> _Task statement_: Could the entries below be transcribed word for word, with the pictures omitted?

> _Material for this exercise_:
..............................

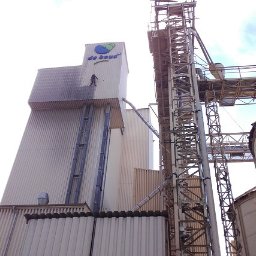 Dolomatex - Pracownik myje elewację przemysłową z logotypem na wysokości, widoczne metalowe konstrukcje i zbiorniki. Częściowo umyta powierzchnia kontrastuje z zabrudzoną.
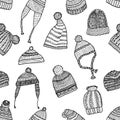 Seamless background of the knitted caps sketches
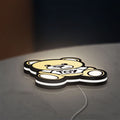 Oso Moschino Toy LED lightbox lying flat on a desk with white glow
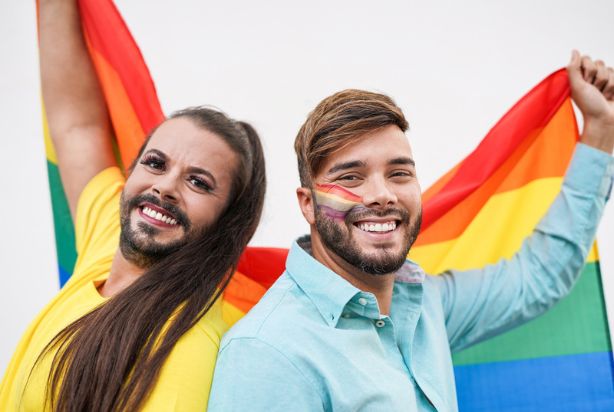 Duas pessoas carregando a bandeira LGBTQIAP+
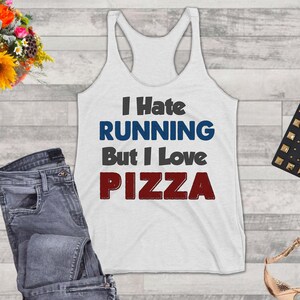 May include: White tank top with the text "I Hate Running But I Love Pizza" in black, blue, and red lettering.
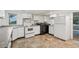 Kitchen area with white cabinets, appliances, and tile flooring at 4202 Maplewood Dr, Decatur, GA 30035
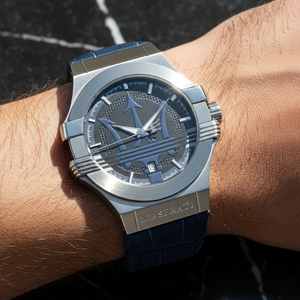 Close up shot of Maserati Potenza R8851108015 watch on wrist showing the blue dial and large Trident logo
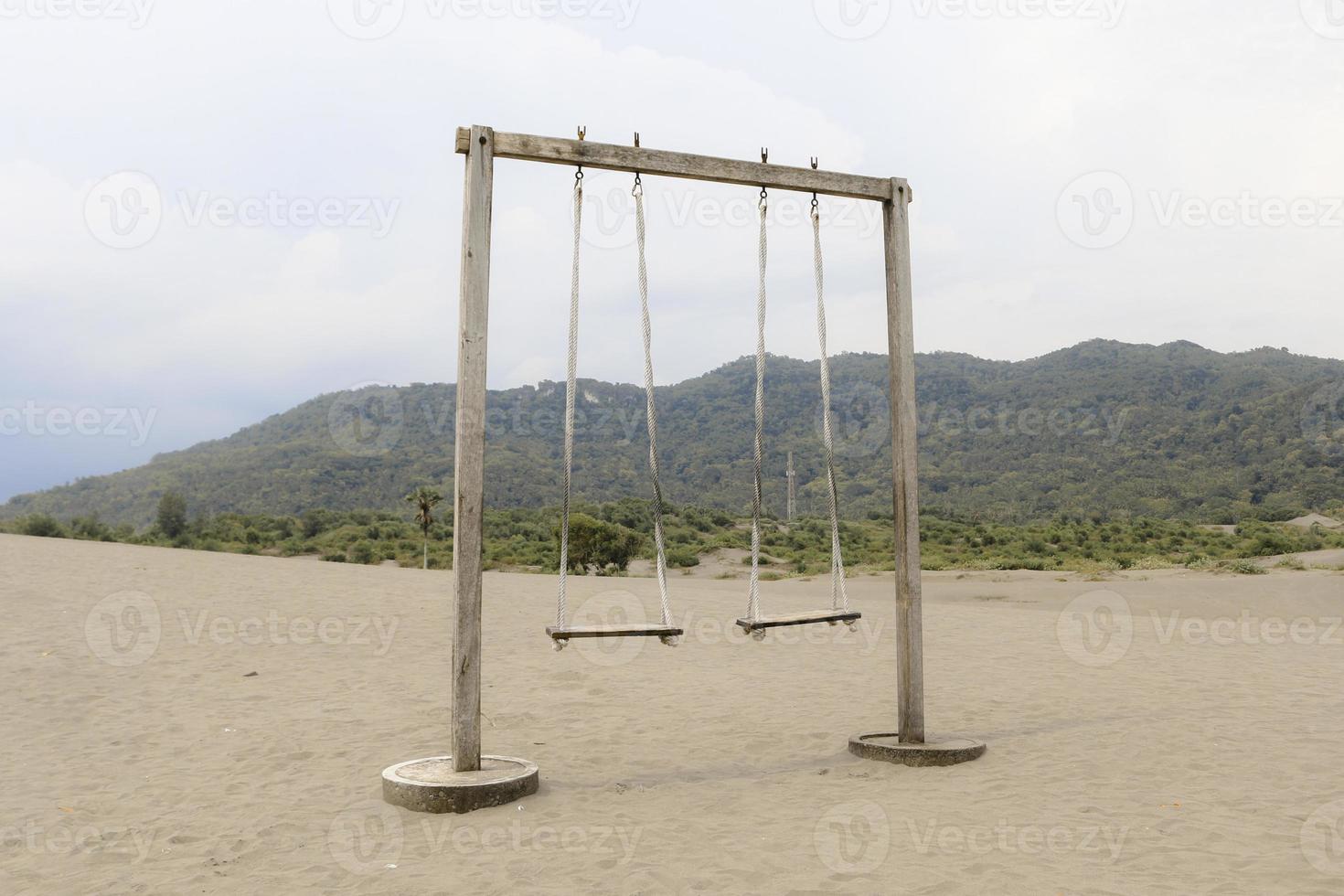 The old rope wooden swing on the desert or sandy beach with mountain background photo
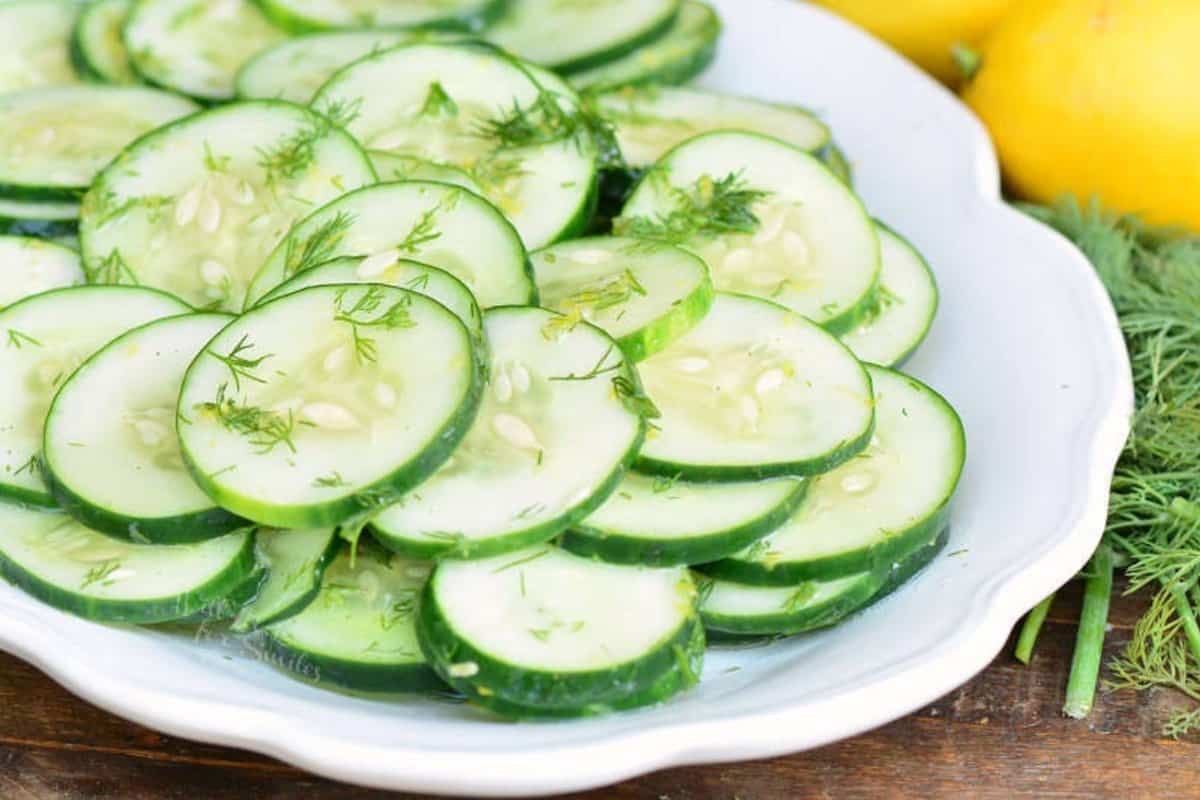 thin sliced cucumbers in cucumber salad in a plate next to dill weed and lemons.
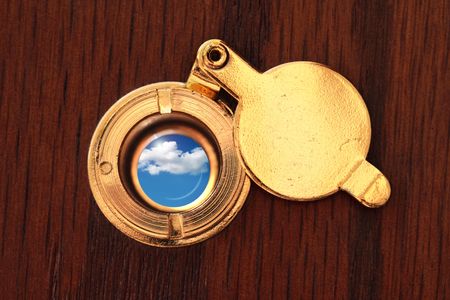 Peephole to the better world. Close up of door viewer and cloudy skyの写真素材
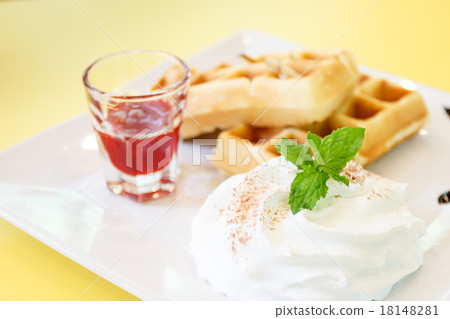Strawberry Waffle whipped Cream on yellow desk 18148281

..............................

> _Problem solution_:
 Dolomatex - Pracownik myje elewację przemysłową z logotypem na wysokości, widoczne metalowe konstrukcje i zbiorniki. Częściowo umyta powierzchnia kontrastuje z zabrudzoną.
 Seamless background of the knitted caps sketches
 Oso Moschino Toy LED lightbox lying flat on a desk with white glow
 Duas pessoas carregando a bandeira LGBTQIAP+
 May include: White tank top with the text "I Hate Running But I Love Pizza" in black, blue, and red lettering.
 Kitchen area with white cabinets, appliances, and tile flooring at 4202 Maplewood Dr, Decatur, GA 30035
 Close up shot of Maserati Potenza R8851108015 watch on wrist showing the blue dial and large Trident logo
 The old rope wooden swing on the desert or sandy beach with mountain background photo
 thin sliced cucumbers in cucumber salad in a plate next to dill weed and lemons.
 Peephole to the better world. Close up of door viewer and cloudy skyの写真素材
Strawberry Waffle whipped Cream on yellow desk 18148281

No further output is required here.